Shahida è un saggio personale, che esprime, dichiaratamente e apertamente, l'analisi dei fatti fatta dall'autore. Nei Capitoli tendono a concentrarsi i fatti più oggettivi e nei Profili l'autore tende a dare opinioni maggiormente personali.
Il testo fornisce puntualmente una bibliografia impressionante, che se non fosse diffusa arriverebbe tranquillamente ad occupare lo spazio dedicato al gioco, e rende sempre evidente quando l'autore parla con la propria voce piuttosto che esporre dei fatti o, almeno, piuttosto che esporre dei dati.
Qual'è quindi lo scopo di Shahida (e di Spione per quel che conta)?
Shahida è lì per suscitare riflessioni, per invitare al dialogo, all'approfondimento e alla ricerca. Non sei d'accordo con quello che scrive l'autore? Bene! Confrontati con lui, scrivi un saggio, gioca una partita al gioco evidenziando quella che tu credi essere stata la realtà dei fatti, scrivi un gioco con lo stesso stile "in risposta".
Quello che leggi in Shahida è il risultato di ricerche, dialoghi con i reduci, letture personali dell'autore. Sono le sue idee e le sue teorie sugli eventi.
Lo scopo del libro non è quello di istruire, di essere un punto di arrivo, di essere quel volume che te lo leggi e sai tutto su quello che successe e succede in Libano.
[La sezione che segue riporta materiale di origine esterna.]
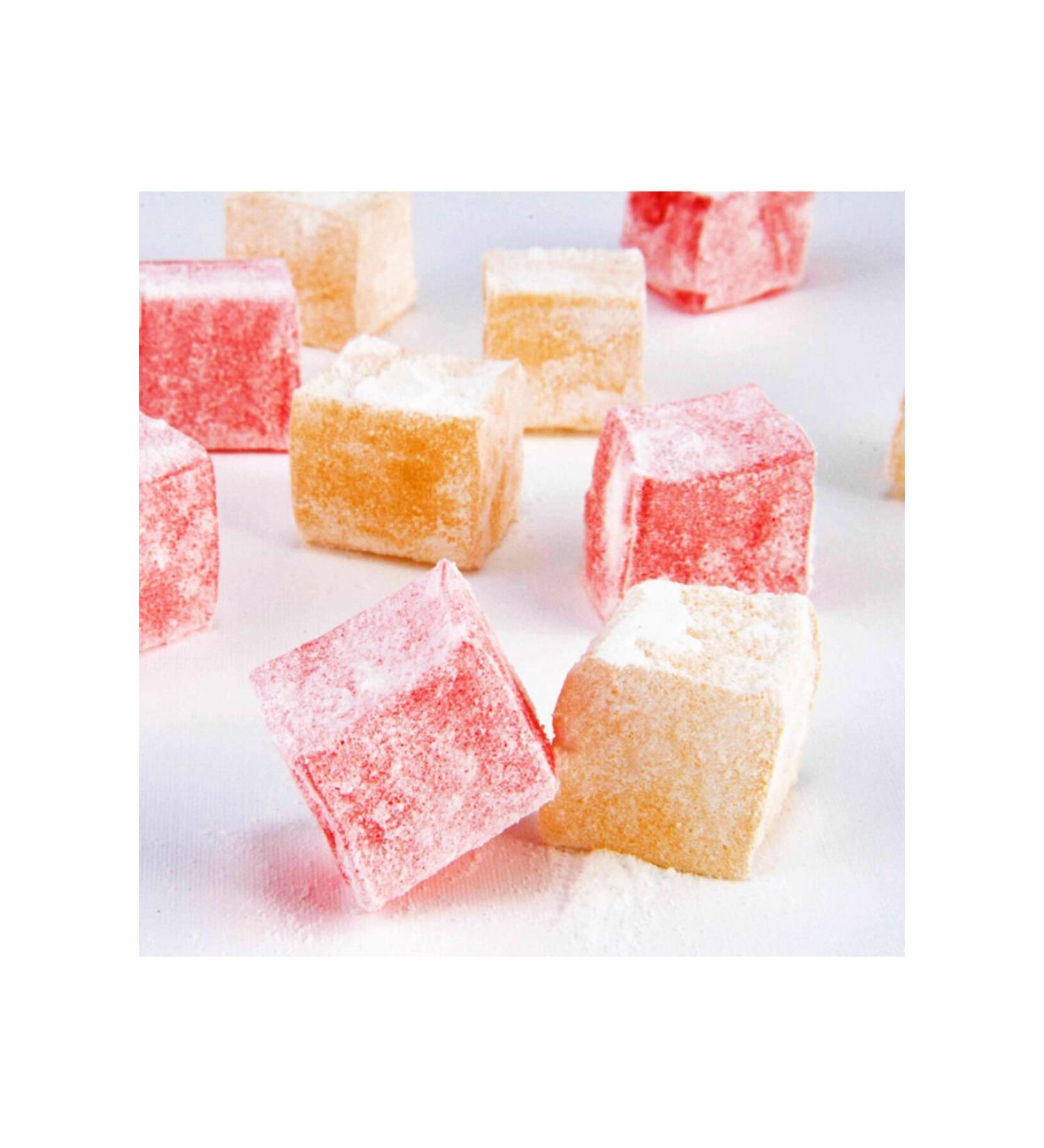 Ozgur Nuts Plain Turkish Delight 2 kg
No, lo scopo del libro è quello di far si che TU, lettore, ti ponga delle domande, faccia delle contestazioni, ti chieda: "Ma come è possibile che l'autore sostenga questo?", vada a fare le tue ricerche ed esponga la tua visione e le tue conclusioni come l'autore stesso ha fatto.
Story Now è una lettura attiva, è un rendere vivo e vitale la prospettiva storica attraverso il confronto di tesi, anche e soprattutto, di tesi estreme. Edwards, qui come in Spione, non si risparmia nei giudizi, va giù pesante e non le manda a dire presentando la sua personale lettura dei fatti perché il suo scopo non è creare un libro statico, dogmatico, ma è quello di stimolare, anche attraverso l'indignazione, la riflessione e la ricerca personale.
Ti invidio, quindi.
Sei, ancora più di me, nelle condizioni giuste per apprezzare Shahida.
Abbi solo l'accortezza di non approcciarlo come un libro di testo, un resoconto obiettivo, ma prendilo per quello che è realmente: l'esposizione di una serie di analisi personali e l'invito all'inizio di un dialogo.